Ha! a dried stick on which he inadvertently set his foot snapped across. The splendid shy eyes of the deer looked round in alarm as he bounded away. A shot rang through the forest after him, waking such a clamour of jays and crows and woodpeckers, that Arthur was quite provoked with them, they seemed exulting over his failure. Pushing aside the dried timber which had caused this mischance, he pressed on the track of the deer impetuously. He could not believe that his shot had missed altogether, though the white tail had been erected so defiantly; which 'showing of the white feather,' as the Canadian sportsman calls it, is a sign that the animal is unwounded.
But four feet had much the advantage of two in the chase.

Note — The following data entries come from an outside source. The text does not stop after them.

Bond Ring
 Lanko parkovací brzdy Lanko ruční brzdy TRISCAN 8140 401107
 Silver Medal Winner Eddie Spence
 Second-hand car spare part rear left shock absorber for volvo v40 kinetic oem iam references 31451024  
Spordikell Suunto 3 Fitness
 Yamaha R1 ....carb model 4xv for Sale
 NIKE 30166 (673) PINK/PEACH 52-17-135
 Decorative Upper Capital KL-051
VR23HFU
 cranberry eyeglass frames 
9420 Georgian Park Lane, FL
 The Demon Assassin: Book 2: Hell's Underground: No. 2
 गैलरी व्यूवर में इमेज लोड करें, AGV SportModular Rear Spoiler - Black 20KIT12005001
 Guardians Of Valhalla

One other glimpse of the flying deer, as he came out on the brow of a ridge, was all that Arthur was favoured with. Some partridge got up, and this time he was more successful; he picked up a bird, and turned homewards.
Homewards! After walking a hundred yards or so he paused. Had he indeed gone back on his own track? for he had never seen this clump of pines before. He could not have passed it previously without notice of its sombre shade and massive boles. He would return a little distance, and look for the path his passage must have made in brushing through the thickets.
Brought to a stand again. This time by a small creek gurgling deeply beneath matted shrubs. He had gone wrong—must have diverged from his old course. More carefully than before, he retraced his way to the pine-clump, guided by the unmistakeable black plumage of the tree-tops. There he stood to think what he should do.
The sky was quite obscured: it had been so all the morning. No guidance was to be hoped for from the position of the sun. He had heard something of the moss on the trees growing chiefly at the north side; but on examination these pines seemed equally mossed everywhere. What nonsense! surely he must be close to his own path. He would walk in every direction till he crossed the track.
Boldly striking out again, and looking closely for footmarks on the soft ground, he went along some distance; here and there turned out of his straight course by a thicket too dense for penetration, till before him rose pine-tops again. Could it be? The same pines he had left!
He covered his eyes in bewilderment. Having stood on the spot for several minutes previously, he could not be mistaken. Yet he thought he could have been sure that he was proceeding in a direction diametrically opposite for the last quarter of an hour, while he must have been going round in a circle. Now, indeed, he felt that he was lost in the woods.
Poor Arthur's mind was a sort of blank for some minutes. All the trees seemed alike—his memory seemed obliterated. What horrid bewilderment had possession of his faculties? Shutting him in, as by the walls of a living tomb, the great frowning forest stood on all sides. A mariner on a plank in mid-ocean could not have felt more hopeless and helpless.
Rousing himself with a shake from the numb, chill sensation which had begun to paralyze exertion, he thought that, if he could reach the little creek before mentioned, he might pursue his course, as it probably fell into their own lake at the foot of the Cedars. Keeping the pine-tops in a right line behind him, he succeeded in striking the creek, and discovering which way it flowed. After pushing his way some hours along a path of innumerable difficulties, he found himself, in the waning light, at the edge of a cypress swamp.